In August, it will be two decades since the team at stockbrokers Senekal, Mouton & Kitshoff gave managing partner Jannie Mouton the biggest gift of his life. By firing him a few months short of his 50th birthday, they forced the lad from dusty Carnarvon to re-assess his life. The result was the birth of what is today the R44bn PSG Group whose success has fulfilled the wildest dreams of now fabulously wealthy Mouton. To celebrate his group’s second decade, Mouton shared the 20 key lessons he has learnt with an audience of 700 at PSG Konsult’s annual conference last week. Here are my notes. – Alec Hogg 

By Jannie Mouton* 

1. Never give up – 

On 5 August 1995 the partners kicked me out of my stockbroking firm. Looking back, it was the best thing that could ever have happened to me. It forced me to start again. My learning from this: never give up.

Jannie Mouton examining his books
Jannie Mouton (68) keeps his favourite books in his office for easy reference – and as a reminder of the work he did after being fired.

2. Read and study –

After being fired, I had time on my hands and started to read and summarise books about successful people like Warren Buffett. If you have the time, read as much as you can. Especially about business and books on winners.

3. Analyse yourself –

During this time I did a SWAT analysis on myself, drawing up a list of my strong and weak points. Once you’re finished it’s best to discuss your analysis with people you know well. After telling my wife the list showed lots of strengths and very few weaknesses, she suggested I go back and do some more work on it…..

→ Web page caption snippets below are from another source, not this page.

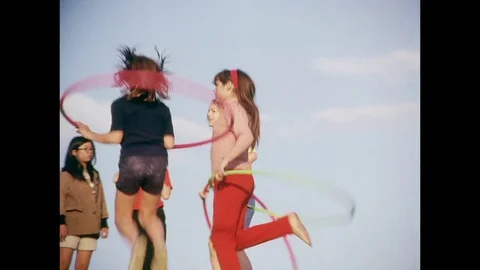 1969-Child / Hula-Hoop / USA / 1960 - 1969 Stock Footage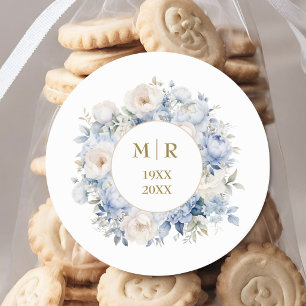 Pegatina Redonda Aniversario de Bodas 50 Dusty Blue Gold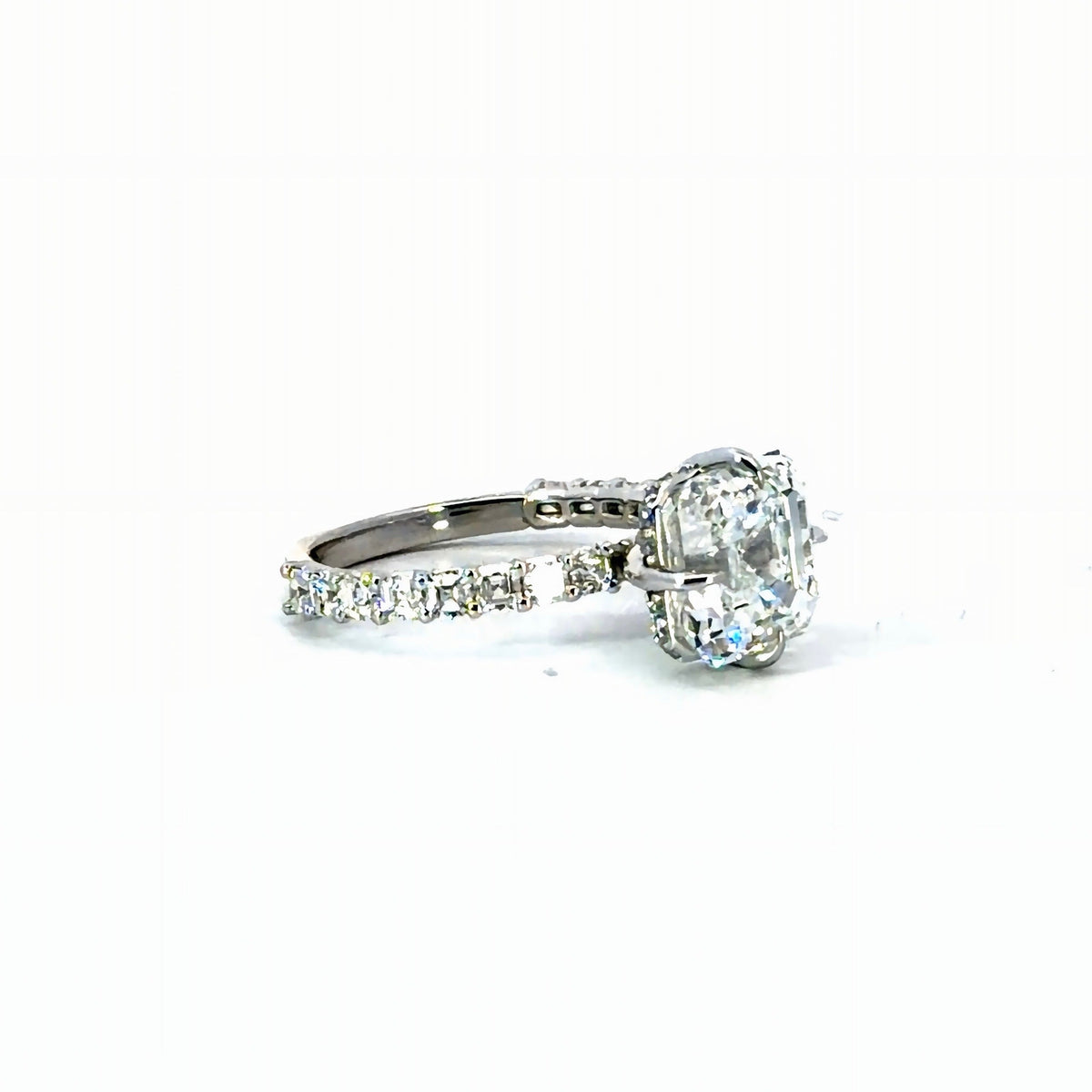 Asscher natural diamond engagement ring, illusion setting & reverse halo – view 3 of 3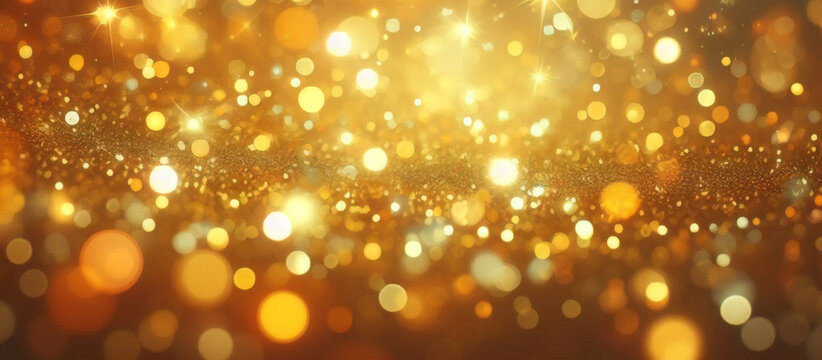 Abstrakter, luxuri&ouml;ser, wirbelnder Goldhintergrund mit Goldpartikeln. Weihnachtsgoldene Lichtglanzpartikel Bokeh auf dunklem Hintergrund. Goldfolientextur. Urlaubskonzept.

4. Analyse the environment –

There are opportunities everywhere. For instance, many people are worried about South Africa and can only see problems. For me the environment throws up obvious opportunities in education, banking and the food sector. Also, now, in electricity. The country will be doing just fine in 10 years. So work at ways of taking advantage of other people’s pessimism.

5. Formulate your plan –

In 1995 I wrote down my own plan after analysing the environment and myself. The plan was often referred back to as a reminder. What I wanted was to have a JSE-listed company in the financial services sector; use the listing to raise capital; run the business with decentralised management; surround myself with smart people; move from Johannesburg to Stellenbosch; have a small head office; and think more and do less. It was  a dream but it’s all happened. But it’s also important to adapt the plan as things change.

6. Execute your plan –

On November 25, 1995, three and a half months after I was fired, we bought 51% of a listed company (PAG) for R3.5m. That was the start of executing my plan.

Jannie's son Piet - now MD of PSG Group
One of Jannie Mouton’s sons Piet who is now the MD of PSG Group

7. Importance of friends and family –

My friends and family have walked the PSG road with me. You know you can trust them; there is little that’s more critical for a company’s success.

8. Loyal shareholders –

We almost lost the business a few years after it was founded, when ABSA launched a hostile takeover of PSG. Markus Jooste stepped in to help us fend it off. He and his Steinhoff Group remain close friends and loyal supporters with 17% of the PSG shares. Directors own 33% and friends and family another 12.5% so between us we have 62.5% that means it is impossible for any hostile party to acquire the company.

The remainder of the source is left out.